I had similar dip at 400Hz and pulled it up easilly (red is uncorrected, blue is corrected). As a rule of the thumb, above 350Hz pretty much every dip can be pulled up.
Of course I cannot judge whether the interference around 400Hz in your example is caused by the floor bounce, I will assume that it is and try to clarify the contradiction.
It is physically not possible to fill up the floor bounce (for a fixed listening position) caused by time delay difference (of a reflection) of a chassis with EQ.
In the example of the mid-bass horn, the delay time difference results in a phase shift cancellation - the reflected sound covers a longer distance than the direct sound. This cannot be eliminated by increasing the sound pressure level of the axis frequency response.
How is it possible that you managed to eliminate the floor bounce via EQ?
Fortunately there is not only this one floor reflection, but many more.
These other reflections always fill up the floor bounce a bit on average.
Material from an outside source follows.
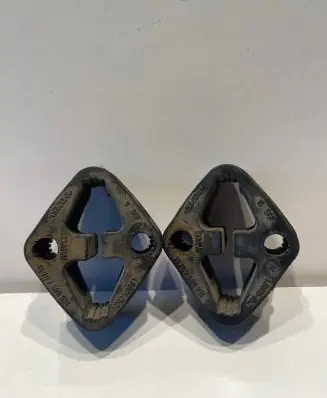 BMW 2 F22 F23 Muffler mount bracket/holder 7589931 18207589931
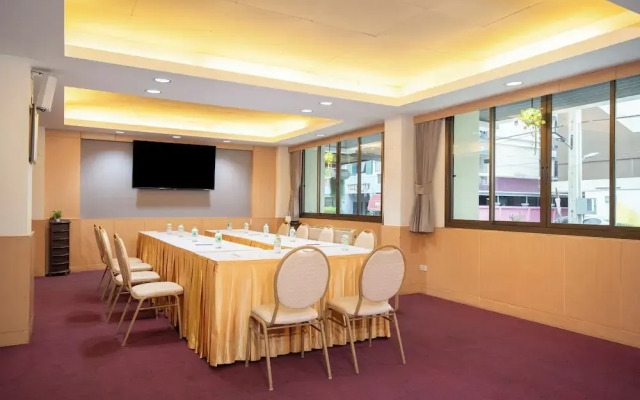 P-Park Hotel near Yanhee Hospital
And these other reflections allow the floor bounce to seemingly fill up by raising the axis frequency response in the affected area - the floor bounce itself is still there unchanged.
If these reflections were absent or very weak, it wouldn't work, because 5dB increase on axis also inevitably increases the floor reflection by 5dB and nothing would be gained.
This leads us directly to the price to pay to seemingly smooth the floor bounce with EQ.
If the sound pressure in the affected area has to be raised by 5dB to compensate, this naturally has consequences for the chassis: higher harmonic distortion, more IMD, ...
If the listener changes his listening position by only 0.2m towards the loudspeaker, this can already lead to a shift of the floor bounce at 400-500Hz, which means that the EQ is no longer optimal.